Marburg-Biedenkopf

Die Jagdgenossenschaft 35279 Neustadt (Hessen) verpachtet ab 01.04.2021 den Jagdbezirk Neustadt (Hessen) für die Dauer von 10 Jahren. Reviergröße rd. 1.500 ha, davon ca. 500 ha Waldanteil.

Aktueller Abschussplan 2018/2019: Rehwild: 42 m, 36 w; gesamt: 78 Stück Abschuss Schwarzwild: 56 Stück

Pachtinteressenten wenden sich bitte zwecks weiterer Informationen an den Jagdvorstand Volker Zinser, Erksdorfer Weg 3, 35279 Neustadt, Tel. 0151/50542050, E-Mail: hof-trillrod@t-online.de. Revierbesichtigung nach vorheriger Terminvereinbarung möglich.

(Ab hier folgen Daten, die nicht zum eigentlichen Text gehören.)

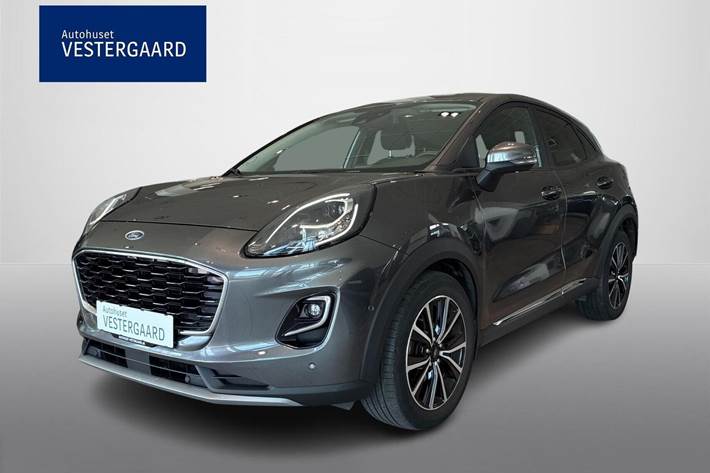 Grå Ford Puma fra 2020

Schriftliche Angebote werden bis spätestens, Dienstag den 30.06.2020 an die Jagdgenossenschaft Neustadt (Hessen), Jagdvorstand Volker Zinser, Erksdorfer Weg 3 in 35279 Neustadt in einem verschlossenen Umschlag mit der Aufschrift „Angebot Jagd Neustadt (Hessen)“ erbeten. Das Gebot muss einen eindeutigen Gesamtbetrag in Euro/ha ausweisen. Dem Pachtangebot ist der Nachweis der Pachtfähigkeit beizufügen. Nach der Frist eingegangene Angebote bleiben unberücksichtigt. Bietende haben schriftlich Aussagen zum Pachtpreis, zur Wildschadensregulierung - es wird eine weitestgehende Übernahme durch die Pächter angestrebt - und der Wildschadensverhütung an Forstkulturen mit Hauptholzarten - vorstellbar ist eine Bonus-Malus-Regelung bezüglich der Abschusserfüllung - zu treffen. 2021ff. ist die Errichtung von Windenergieanlagen an zwei Stellen im Jagdbezirk möglich.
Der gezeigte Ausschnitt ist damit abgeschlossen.